In August 2016, the FASB issued ASU No. 2016-15, Cash Flow Statements, Classification of Certain Cash Receipts and Cash Payments. The new guidance is intended to address the diversity in practice in how certain cash receipts and cash payments are presented and classified in the statement of cash flows under Topic 230, Statement of Cash Flows, and other Topics. The guidance addresses eight specific cash flow classification issues with the objective of reducing diversity in practice. The amendments are effective for public business entities for fiscal years beginning after December 15, 2017, and interim periods within those fiscal years. Early adoption is permitted including adoption in an interim period. If an entity early adopts the amendments in an interim period, any adjustments should be reflected as of the beginning of the fiscal year that includes the interim period. An entity that elects early adoption must adopt all of the amendments in the same period. The amendments should be applied using a retrospective transition period to each period presented. The Company does not believe the adoption of ASU 2016-15 will have a material impact on its consolidated financial statements.

12


 

In March 2016, the FASB issued ASU No. 2016-09, Compensation—Stock Compensation (Topic 718): Improvements to Employee Share-Based Payment Accounting, which simplified certain aspects of the accounting for share-based payment transactions, including income taxes, forfeitures and classification of awards and classification in the statement of cash flows. In the first quarter of fiscal 2018, the Company adopted the applicable provisions of this standard as follows:

 

The guidance requires excess tax benefits and tax deficiencies to be recorded as income tax benefit or expense in the statement of operations when the awards vest are settled, and eliminates the requirement to reclassify cash flows related to excess tax benefits from financing activities to operating activities on the statement of cash flows.

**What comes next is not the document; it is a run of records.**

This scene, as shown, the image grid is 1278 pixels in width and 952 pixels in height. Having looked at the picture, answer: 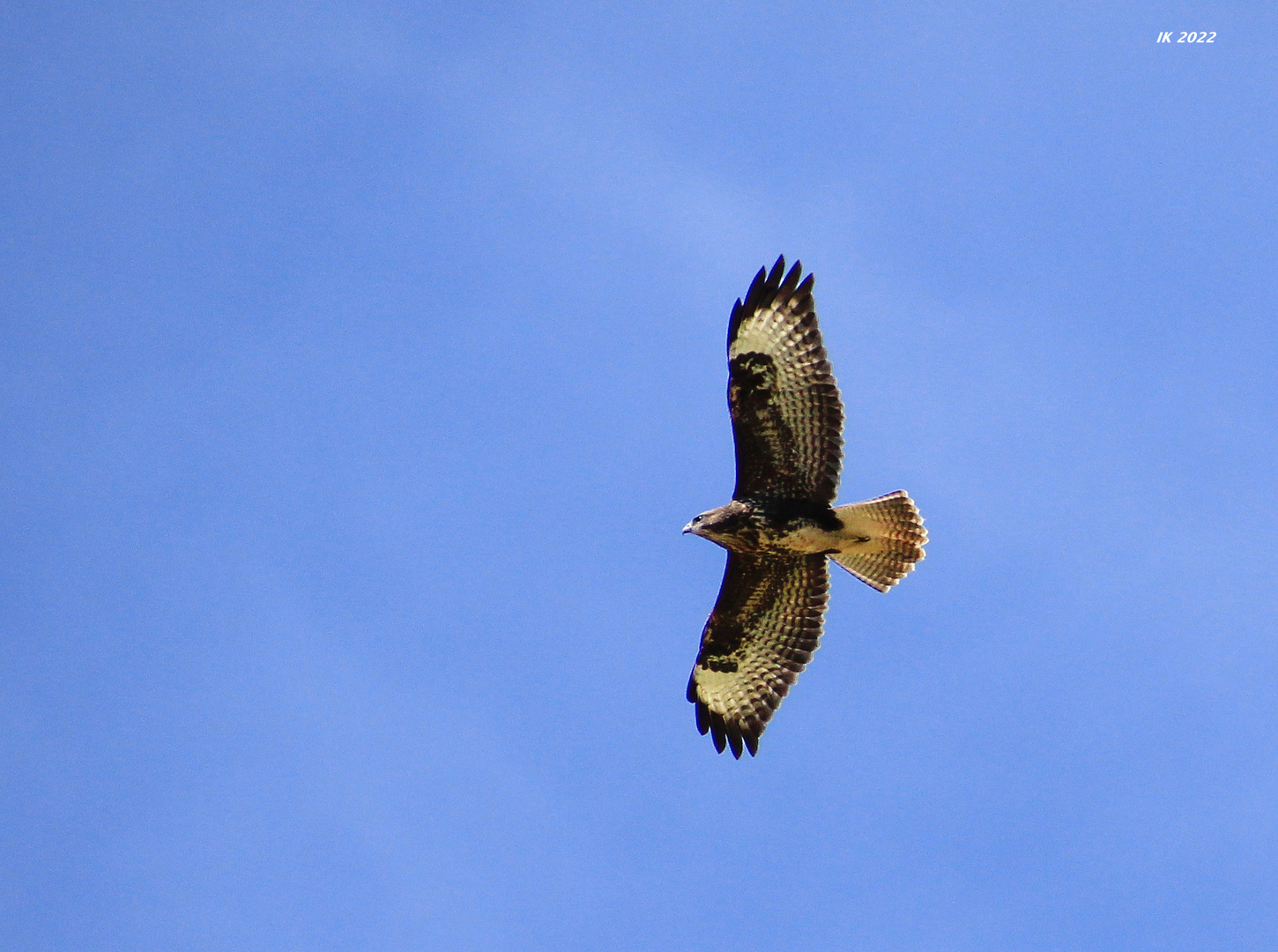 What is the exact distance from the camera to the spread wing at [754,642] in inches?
445

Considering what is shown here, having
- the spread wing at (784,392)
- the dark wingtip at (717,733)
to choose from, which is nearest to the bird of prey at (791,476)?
the spread wing at (784,392)

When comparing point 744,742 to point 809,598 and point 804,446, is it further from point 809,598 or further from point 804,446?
point 804,446

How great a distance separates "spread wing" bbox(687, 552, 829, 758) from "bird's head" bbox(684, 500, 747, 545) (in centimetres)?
57

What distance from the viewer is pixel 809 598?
1138cm

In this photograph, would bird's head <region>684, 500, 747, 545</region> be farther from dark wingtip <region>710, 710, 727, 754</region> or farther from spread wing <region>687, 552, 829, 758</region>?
dark wingtip <region>710, 710, 727, 754</region>

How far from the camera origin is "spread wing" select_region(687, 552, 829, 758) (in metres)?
11.3

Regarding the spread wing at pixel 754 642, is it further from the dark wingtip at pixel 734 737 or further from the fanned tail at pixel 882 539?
the fanned tail at pixel 882 539

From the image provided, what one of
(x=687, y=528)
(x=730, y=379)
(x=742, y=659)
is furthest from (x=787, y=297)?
(x=742, y=659)

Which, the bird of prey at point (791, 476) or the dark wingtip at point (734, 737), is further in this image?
the dark wingtip at point (734, 737)

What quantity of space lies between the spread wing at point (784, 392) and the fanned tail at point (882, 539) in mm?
356

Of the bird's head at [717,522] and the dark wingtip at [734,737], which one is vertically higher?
the bird's head at [717,522]

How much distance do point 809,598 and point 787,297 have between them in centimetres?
262

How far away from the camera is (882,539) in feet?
35.3

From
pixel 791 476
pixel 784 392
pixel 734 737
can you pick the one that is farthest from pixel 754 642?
pixel 784 392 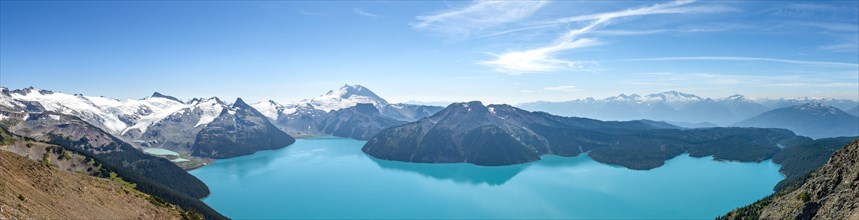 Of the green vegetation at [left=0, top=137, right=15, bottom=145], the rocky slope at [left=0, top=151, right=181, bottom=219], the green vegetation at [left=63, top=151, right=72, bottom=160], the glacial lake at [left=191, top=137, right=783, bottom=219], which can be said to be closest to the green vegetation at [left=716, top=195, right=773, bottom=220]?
the glacial lake at [left=191, top=137, right=783, bottom=219]

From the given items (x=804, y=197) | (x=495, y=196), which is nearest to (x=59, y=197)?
(x=804, y=197)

The Company adopted the guidance prospectively effective August 26, 2017, and there was no impact to its consolidated financial statements.  

 

The guidance eliminates the requirement that excess tax benefits must be realized (through a reduction in income taxes payable) before companies can recognize them.  The Company applied the modified retrospective transition method upon adoption.  The previously unrecognized excess tax effects were recorded as a deferred tax asset in the amount of $0.9 million, which was fully offset by a valuation allowance of the same amount as of August 26, 2017, resulting no impact to opening retained earnings.  

 

In accordance with the guidance, the Company has elected to make an entity-wide accounting policy change to account for forfeitures when they occur.  There is no cumulative-effect on opening retained earnings.  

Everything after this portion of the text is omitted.